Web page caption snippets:
####################
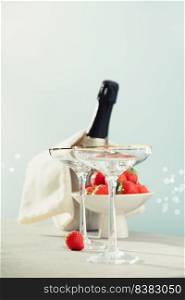 Bottle of ch&agne, two glasses and strawberries on sea and sky background. Summer holiday and romantic party concept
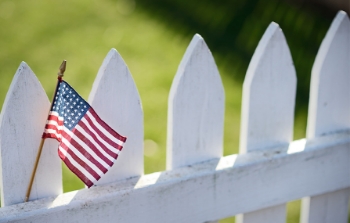 A small American flag sitting on a white picket fence post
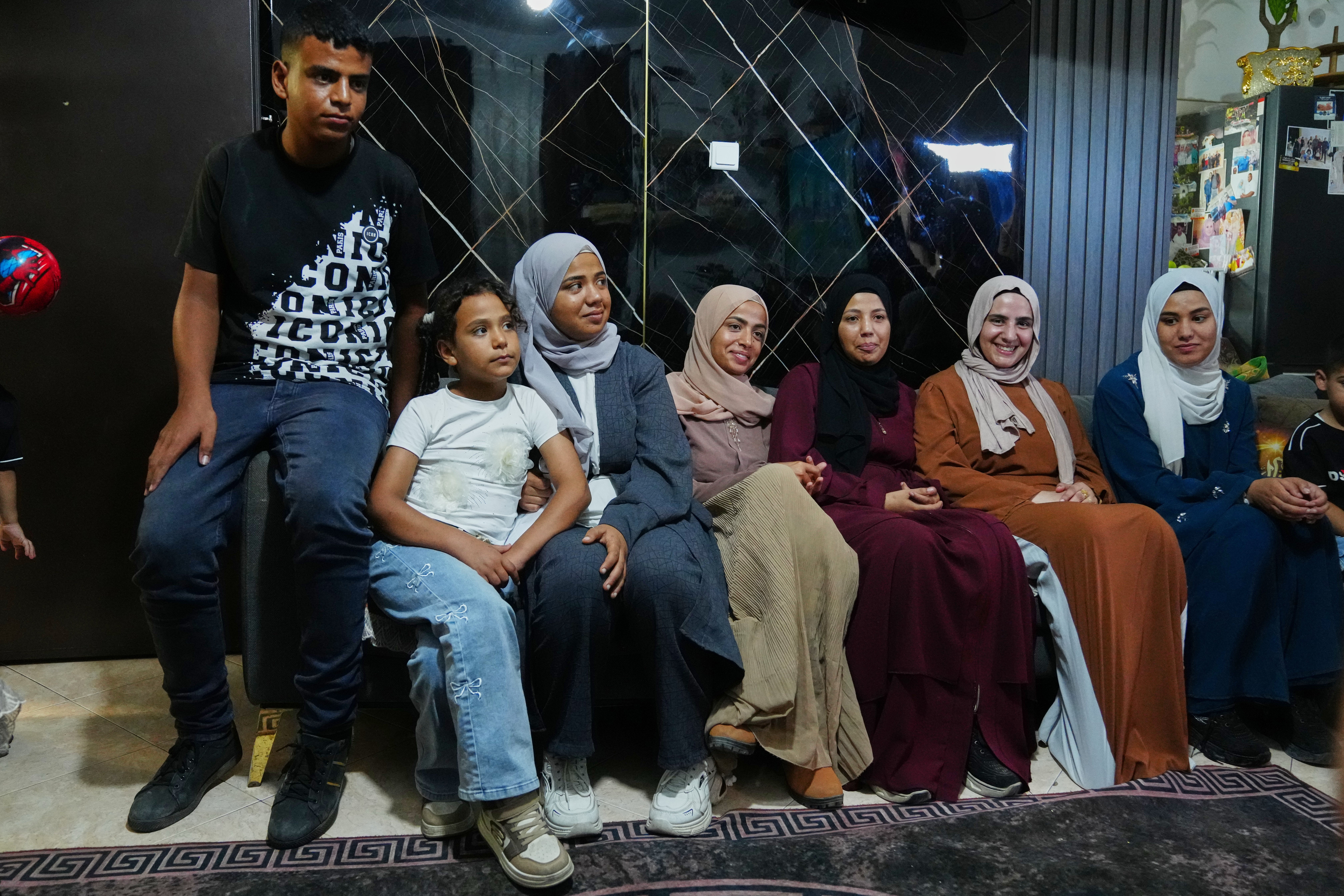Mais Al-Gharam, second from right, poses for a photo with her six siblings from Gaza, who were granted Israeli passports, in her home in Nazareth, Israel, Wednesday, July 8, 2026. (AP Photo/Mahmoud Illean)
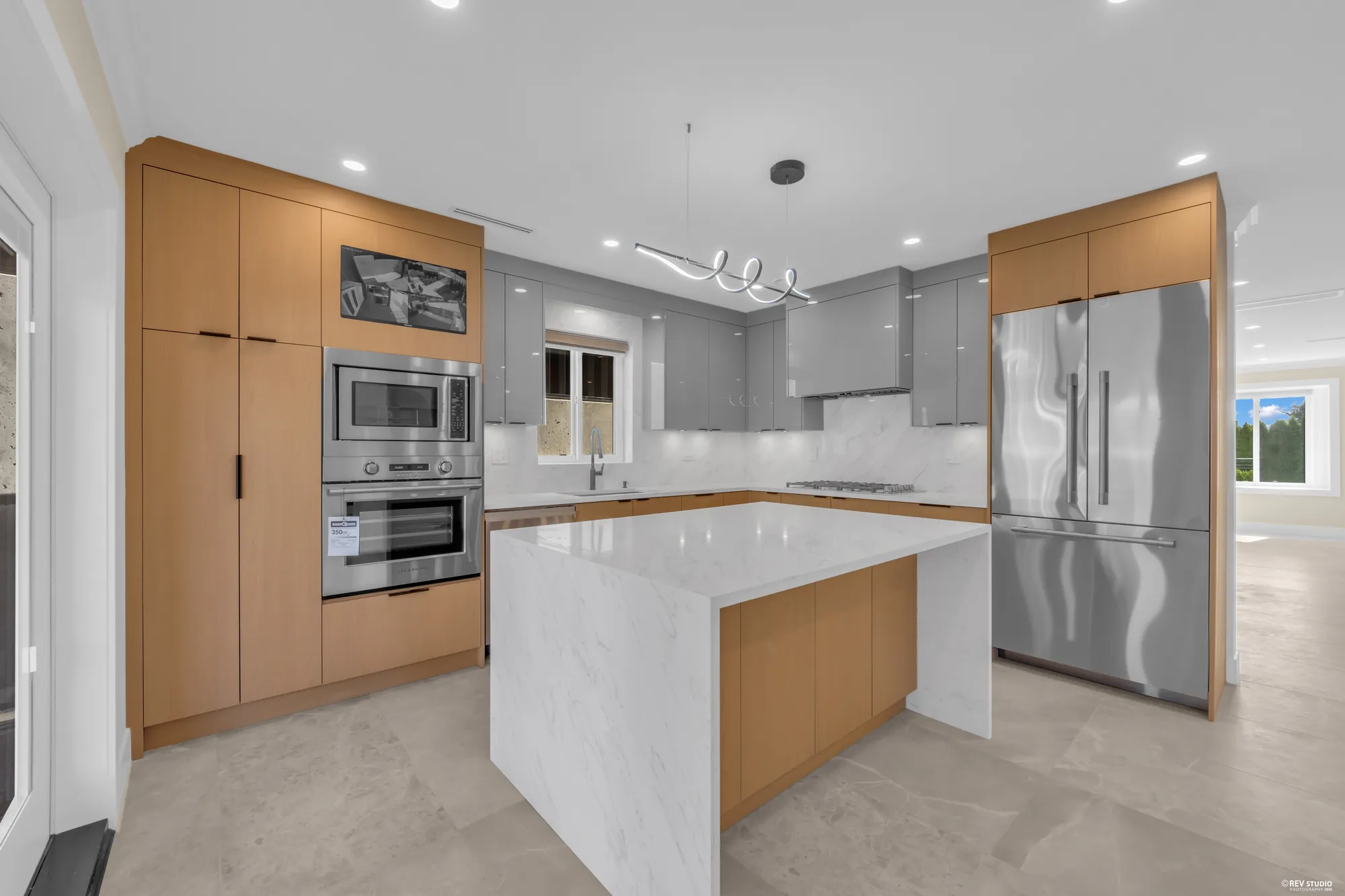 The island and the tall oak run with the wall ovens, the fridge on the right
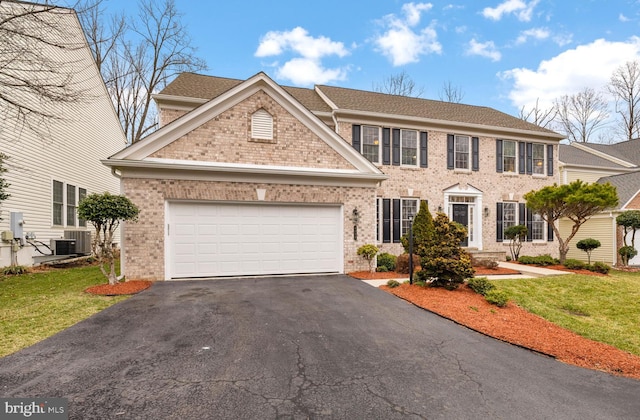 colonial home with brick siding, central air condition unit, a garage, driveway, and a front lawn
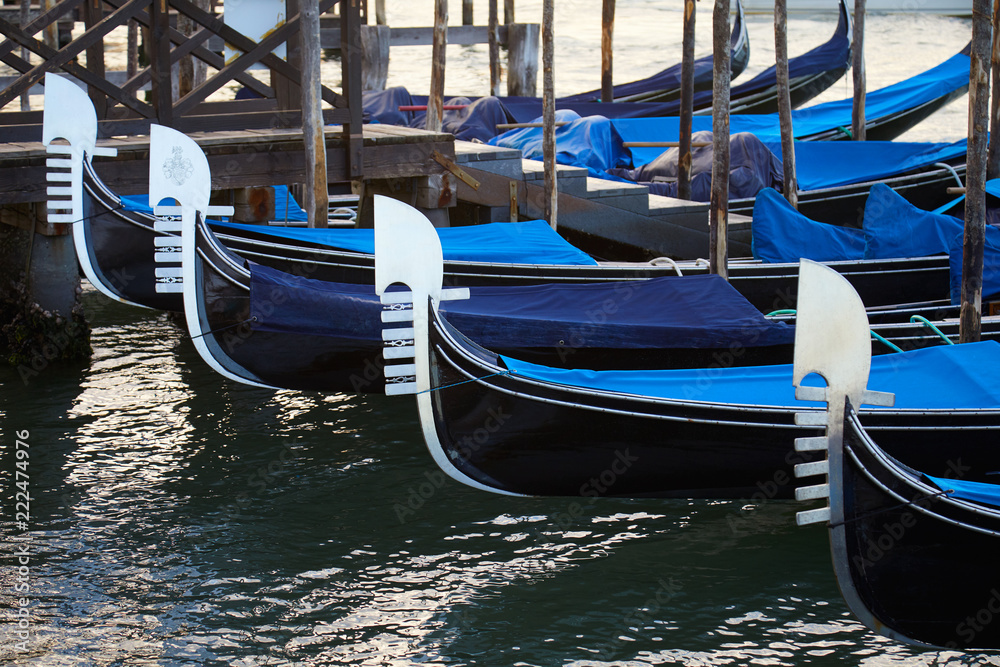Gondola boats moored in Grand Canal in Venice in the early morning, Italy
####################
> **What the task requires**:
Start with the first line of the records above and end with the line containing "Mais Al-Gharam, second". Output those lines exactly, pictures excluded.

> **Exercise solution**:
 Bottle of ch&agne, two glasses and strawberries on sea and sky background. Summer holiday and romantic party concept
 A small American flag sitting on a white picket fence post
Mais Al-Gharam, second from right, poses for a photo with her six siblings from Gaza, who were granted Israeli passports, in her home in Nazareth, Israel, Wednesday, July 8, 2026. (AP Photo/Mahmoud Illean)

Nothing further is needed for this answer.